New Themes for a New North Dakota
This may seem like an odd thing for me, a professional historian, to say, but history can be hazardous to the health of a commonwealth. It seems to me, in 2011, that the way we think about our history here in North Dakota is a problem. We need to come to terms with our past, and our present, in more constructive ways.
There is a considerable literature among academic and intellectual folk about the negative mindset of people in North Dakota. Usually this is ascribed to some sort of rustic stubbornness among rural Dakotans. The exasperating pessimism that so frustrates economic and social entrepreneurs, however, does not grow from the grassroots. Rather it flows from that font of wisdom which is the academic establishment.

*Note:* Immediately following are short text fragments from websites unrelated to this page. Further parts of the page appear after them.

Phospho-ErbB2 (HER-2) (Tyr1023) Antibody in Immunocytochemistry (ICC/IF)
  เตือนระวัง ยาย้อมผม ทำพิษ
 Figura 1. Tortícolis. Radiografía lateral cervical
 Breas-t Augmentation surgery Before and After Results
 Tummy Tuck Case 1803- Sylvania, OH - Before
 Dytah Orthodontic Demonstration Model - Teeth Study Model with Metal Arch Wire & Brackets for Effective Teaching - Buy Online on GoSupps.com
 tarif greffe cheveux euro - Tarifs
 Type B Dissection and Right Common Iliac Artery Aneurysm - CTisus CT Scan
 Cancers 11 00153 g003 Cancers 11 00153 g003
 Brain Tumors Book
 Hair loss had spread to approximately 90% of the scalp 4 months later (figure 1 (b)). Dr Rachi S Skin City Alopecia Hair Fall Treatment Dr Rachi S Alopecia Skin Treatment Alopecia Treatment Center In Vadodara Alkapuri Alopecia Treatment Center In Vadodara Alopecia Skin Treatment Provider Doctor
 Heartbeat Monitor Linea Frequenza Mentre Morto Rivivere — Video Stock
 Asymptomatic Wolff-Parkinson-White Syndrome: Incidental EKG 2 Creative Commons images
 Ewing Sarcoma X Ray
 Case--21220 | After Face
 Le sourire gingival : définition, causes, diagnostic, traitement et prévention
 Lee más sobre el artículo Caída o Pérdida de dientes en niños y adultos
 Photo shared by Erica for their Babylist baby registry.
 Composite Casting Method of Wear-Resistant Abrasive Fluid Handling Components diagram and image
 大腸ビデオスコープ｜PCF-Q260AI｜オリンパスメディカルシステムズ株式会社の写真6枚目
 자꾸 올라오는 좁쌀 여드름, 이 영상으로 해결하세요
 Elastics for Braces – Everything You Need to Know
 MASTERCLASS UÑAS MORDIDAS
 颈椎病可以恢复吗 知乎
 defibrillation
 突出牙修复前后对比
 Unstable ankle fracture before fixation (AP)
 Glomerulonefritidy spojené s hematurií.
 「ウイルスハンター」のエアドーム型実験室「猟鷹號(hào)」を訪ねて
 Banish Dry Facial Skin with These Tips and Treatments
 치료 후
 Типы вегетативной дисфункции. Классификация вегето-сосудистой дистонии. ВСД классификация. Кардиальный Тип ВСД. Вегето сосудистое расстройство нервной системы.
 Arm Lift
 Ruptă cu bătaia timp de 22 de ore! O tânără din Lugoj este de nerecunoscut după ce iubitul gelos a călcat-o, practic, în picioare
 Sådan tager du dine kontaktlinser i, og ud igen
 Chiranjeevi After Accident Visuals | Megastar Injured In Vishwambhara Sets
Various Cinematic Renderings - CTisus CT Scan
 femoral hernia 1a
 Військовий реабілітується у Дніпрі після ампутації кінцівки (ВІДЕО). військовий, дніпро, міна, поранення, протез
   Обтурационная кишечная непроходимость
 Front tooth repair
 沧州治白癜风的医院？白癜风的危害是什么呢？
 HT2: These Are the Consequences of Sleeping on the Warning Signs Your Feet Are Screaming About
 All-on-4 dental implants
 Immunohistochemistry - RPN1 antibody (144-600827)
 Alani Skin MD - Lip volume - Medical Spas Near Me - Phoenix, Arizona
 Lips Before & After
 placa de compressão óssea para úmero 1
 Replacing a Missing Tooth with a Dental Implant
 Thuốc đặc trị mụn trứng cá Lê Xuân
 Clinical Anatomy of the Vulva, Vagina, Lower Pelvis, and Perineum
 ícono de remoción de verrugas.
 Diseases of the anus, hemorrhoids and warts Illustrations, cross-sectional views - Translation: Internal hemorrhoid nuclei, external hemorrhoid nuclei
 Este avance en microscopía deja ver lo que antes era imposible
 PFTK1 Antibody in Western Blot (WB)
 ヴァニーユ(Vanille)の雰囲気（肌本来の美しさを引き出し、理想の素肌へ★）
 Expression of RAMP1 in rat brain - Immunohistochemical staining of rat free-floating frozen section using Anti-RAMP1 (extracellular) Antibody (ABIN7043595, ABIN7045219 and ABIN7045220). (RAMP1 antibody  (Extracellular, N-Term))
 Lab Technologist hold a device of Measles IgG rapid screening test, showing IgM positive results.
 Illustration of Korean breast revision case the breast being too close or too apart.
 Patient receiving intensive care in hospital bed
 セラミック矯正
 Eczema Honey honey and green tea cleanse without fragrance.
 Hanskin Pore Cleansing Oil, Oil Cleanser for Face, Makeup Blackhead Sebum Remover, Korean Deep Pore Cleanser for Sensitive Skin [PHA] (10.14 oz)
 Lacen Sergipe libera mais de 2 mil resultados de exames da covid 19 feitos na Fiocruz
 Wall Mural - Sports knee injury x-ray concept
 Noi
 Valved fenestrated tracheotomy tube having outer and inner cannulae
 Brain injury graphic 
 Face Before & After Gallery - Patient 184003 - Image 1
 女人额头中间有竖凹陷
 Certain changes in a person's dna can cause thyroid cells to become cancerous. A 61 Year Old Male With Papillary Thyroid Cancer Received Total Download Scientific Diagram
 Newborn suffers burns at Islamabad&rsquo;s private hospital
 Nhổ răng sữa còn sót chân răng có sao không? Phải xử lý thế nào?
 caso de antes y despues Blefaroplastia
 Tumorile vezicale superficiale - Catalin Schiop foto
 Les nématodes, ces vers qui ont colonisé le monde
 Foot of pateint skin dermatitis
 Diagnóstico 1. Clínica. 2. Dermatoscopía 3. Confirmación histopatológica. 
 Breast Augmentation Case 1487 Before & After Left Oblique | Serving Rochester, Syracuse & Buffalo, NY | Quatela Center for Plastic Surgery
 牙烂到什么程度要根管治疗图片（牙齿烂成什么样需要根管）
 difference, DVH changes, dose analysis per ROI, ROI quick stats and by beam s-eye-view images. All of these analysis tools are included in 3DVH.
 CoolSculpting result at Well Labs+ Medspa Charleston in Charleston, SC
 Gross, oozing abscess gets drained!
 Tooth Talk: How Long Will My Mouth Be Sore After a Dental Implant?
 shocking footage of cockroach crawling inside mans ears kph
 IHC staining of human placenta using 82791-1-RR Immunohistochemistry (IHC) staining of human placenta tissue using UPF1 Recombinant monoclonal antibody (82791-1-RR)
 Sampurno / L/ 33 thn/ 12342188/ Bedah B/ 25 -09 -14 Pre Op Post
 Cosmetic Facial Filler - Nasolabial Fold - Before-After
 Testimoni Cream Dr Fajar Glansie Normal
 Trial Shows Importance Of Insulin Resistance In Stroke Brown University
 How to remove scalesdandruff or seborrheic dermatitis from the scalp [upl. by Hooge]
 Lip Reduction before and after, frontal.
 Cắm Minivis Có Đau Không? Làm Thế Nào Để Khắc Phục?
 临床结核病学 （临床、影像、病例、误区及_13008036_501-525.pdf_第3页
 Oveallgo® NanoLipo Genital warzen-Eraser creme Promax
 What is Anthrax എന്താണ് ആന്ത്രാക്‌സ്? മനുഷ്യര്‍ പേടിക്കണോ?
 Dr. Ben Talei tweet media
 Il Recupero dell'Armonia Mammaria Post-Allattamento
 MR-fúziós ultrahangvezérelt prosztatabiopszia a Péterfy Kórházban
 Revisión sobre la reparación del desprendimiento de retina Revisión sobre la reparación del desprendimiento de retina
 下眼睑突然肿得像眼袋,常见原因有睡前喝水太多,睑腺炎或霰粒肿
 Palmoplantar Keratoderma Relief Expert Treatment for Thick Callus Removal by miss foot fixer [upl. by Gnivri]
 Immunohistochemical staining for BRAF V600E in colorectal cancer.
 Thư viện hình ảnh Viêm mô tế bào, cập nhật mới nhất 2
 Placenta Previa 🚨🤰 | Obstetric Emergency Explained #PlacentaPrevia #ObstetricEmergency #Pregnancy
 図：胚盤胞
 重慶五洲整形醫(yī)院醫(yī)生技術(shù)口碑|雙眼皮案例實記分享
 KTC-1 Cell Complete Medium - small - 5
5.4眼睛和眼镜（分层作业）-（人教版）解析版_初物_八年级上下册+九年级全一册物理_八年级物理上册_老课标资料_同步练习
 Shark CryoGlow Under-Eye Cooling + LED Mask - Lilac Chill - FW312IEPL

In general, the academic establishment has been captured by what has come to be known among a few of us revisionists as the “declensionist narrative.” This involves what I sometimes call, in simpler terms, the assumption of inevitable decline. Things are going downhill, they have been for a long time, and it’s only going to get worse. This is the declensionist narrative.
The keeper of the narrative in North Dakota is our eminent historian, Elwyn Robinson, of the University of North Dakota. A half-century ago he laid out what he called the “six themes of North Dakota history.” Let’s run through these, and then see what they add up to.
1. Remoteness. North Dakota is a long way, Professor Robinson tells us, from anything that matters.
2. Dependence. We look to metropolitan centers elsewhere for all good things. This is no place for the rugged individual.
3. Radicalism. We have a chip on our shoulder. We’re cranky people.
4. Economic Disadvantage. Don’t get your hopes up, the big boys in Minneapolis are going to snatch away any profits you may generate.
5. The Too-Much Mistake. We have too many towns, schools, farms, and so on, and we need to get rid of most of them.
6. Adjustment to the Imperatives of a Cool, Subhumid Grassland. Which is to say, this is a nasty place to live.
What do all these six themes have in common? Every one is a negative factor. Of the six themes Professor Robinson says explain the history of North Dakota, not one is positive.
In 1960 these were reasonable explanatory factors. The story as then told made sense. This far into the 21st century, however, the celebrated six themes sound like six excuses for people who have been blessed by God not to make the best use of His gifts. Allow me to suggest the themes of North Dakota most pertinent today.
1. Long-term profitability in agriculture. We can make money raising wheat, for pete’s sake. Commodity prices rest today on a new, higher plateau.
2. A thirty-year energy boom. Maybe it will be longer than thirty years, but that’s long enough to make the point.
3. A thriving knowledge industry. Digital, pharmaceutical, defense, we have it all.
4. For the first time since the 1880s, a positive brand–something we haven’t had since Dakota was a territory.
There you have our four themes. Let’s make some history.